Вот какие истины услышал Кратет [54] от Диогена, частью же постиг их и собственным умом. Наконец, однажды прибегает он на форум, бросает имущество, словно груз навоза, скорее обременительный, нежели полезный, а потом, оказавшись в окружении огромной толпы, восклицает: «Кратет отпускает Кратета на волю». С той поры и до самого конца своей жизни он жил счастливо – не только что без единого раба, но даже голый и от всего, без изъятия, свободный. И до того завидной была его участь, что девушка знатного рода, отказав молодым и богатым женихам, сама остановила свой выбор на нем.
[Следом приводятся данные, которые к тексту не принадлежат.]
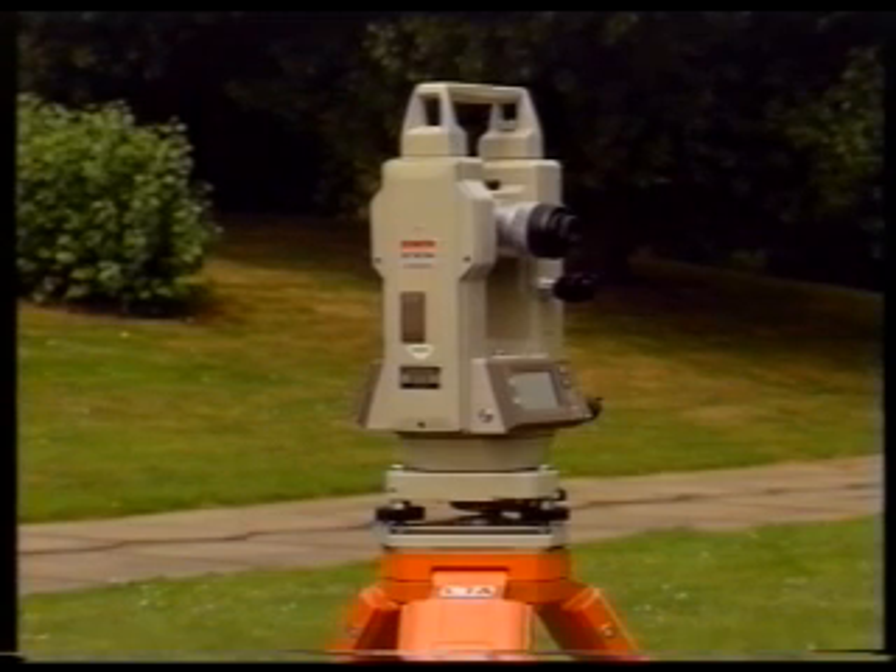The theodolite used in this video demonstration is a Sokkia DT5 electronic digital theodolite, which has a reading accuracy of 5 seconds and incorporates many of the features found on electronic theodolites.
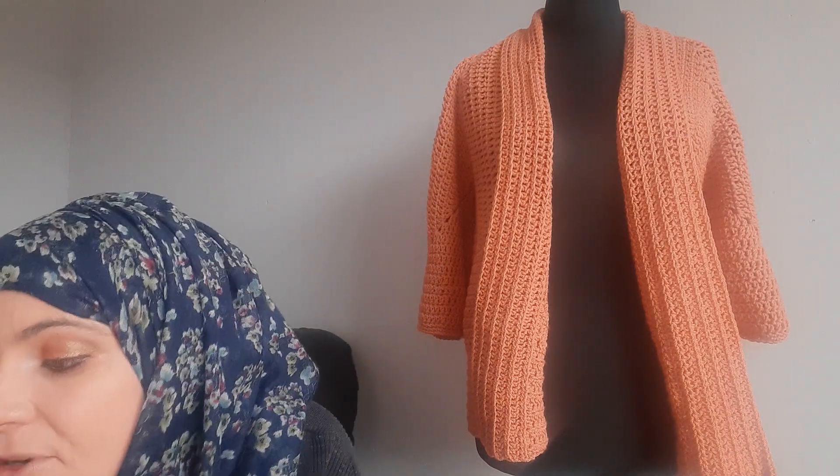Hey guys, I'm back again and right now I'm doing a book review. This is for '21 Crochet Tanks and Tunics' — tanks and tunics, stylish designs for every occasion by Sandy Rosner. It's a really really nice book and I want to do every single one in it, even if it's not for me, just for the shop.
Кратет обнажил свою спину, которая была украшена горбом, и, положив на землю суму с палкой и плащ, объявил девушке, что весь его домашний скарб – перед нею и что красоту жениха она уже видела; пусть же она как следует обдумает свое решение, чтобы потом не пришлось ей раскаиваться. Однако Гиппарха приняла все эти условия. Она ответила, что уже давно все обдумала как следует и как следует взвесила и что нигде не сумеет найти мужа ни богаче, ни красивее; пусть же он возьмет ее и ведет, куда захочет. Киник привел ее в портик, и там, в людном месте, средь бела дня, у всех на виду лег рядом с нею; тут же на виду у всех он лишил бы ее невинности, которую с самообладанием, не уступавшим его собственному, предлагала ему девушка, если бы Зенон [55] не растянул свой драный плащишко и не защитил учителя от любопытных взоров людей, стоявших вокруг.

XV.

Самос – небольшой остров в Икарийском море, расположенный напротив Милета, к западу от него, на расстоянии немногих часов плавания: в тихую погоду судно, идущее в ту или другую сторону, приходит в порт на следующий день. Земля эта плохо родит хлеб, непригодна для плуга, более благоприятна для маслин, и ни виноградарь, ни огородник не тревожат ее. Все полевые работы там состоят в окапывании и прививках, и, судя по сбору фруктов, остров скорее плодоносен, чем плодороден. Впрочем, жителей на нем много, и чужеземцы часто посещают его. Есть там город, далеко не отвечающий своей громкой славе, но свидетельствующий о былом величии своем многочисленными развалинами стен [56]. Исстари знаменит храм Юноны на острове [57]. Храм этот стоит на пути к морскому берегу, если я только верно припоминаю дорогу, не больше чем в двадцати стадиях [58] от города. Сказочно богата тамошняя сокровищница богини: огромно количество золота и серебра в виде чаш, зеркал, кубков и тому подобной утвари. Немало там и бронзы в различных изображениях прекрасной и очень древней работы, и среди них – поставленная перед алтарем статуя Бафилла [59], дар тиранна Поликрата [60]; кажется, ничего более совершенного я не знаю. (Некоторые ошибочно полагают, что это статуя Пифагора). Скульптор изобразил юношу замечательной красоты; волосы, разделенные спереди на две равные части, ниспадают вдоль щек, а сзади, более длинные, они доходят до плеч, оттеняя просвечивающую сквозь кудри шею; шея исполнена силы, щеки округлы и нежны, а посреди подбородка – ямочка. Поза – точь-в-точь как у кифареда: он глядит на богиню и как будто поет. Туника, украшенная вышивкой, спускается до самых пят и поддерживается поясом на греческий лад. Хламида закрывает обе руки до запястий и вдоль тела красивыми складками струится. Кифара надежно прикреплена к чеканной перевязи и висит на ней. Руки у юноши изящные, удлиненные; левая, с раздвинутыми пальцами, касается струн, правая повторяет движение музыканта, подносящего плектр к кифаре, и точно готова ударить по струнам, едва лишь смолкнет голос поющего, между тем как песнь эта льется, кажется, с полуоткрытых губ округленного рта.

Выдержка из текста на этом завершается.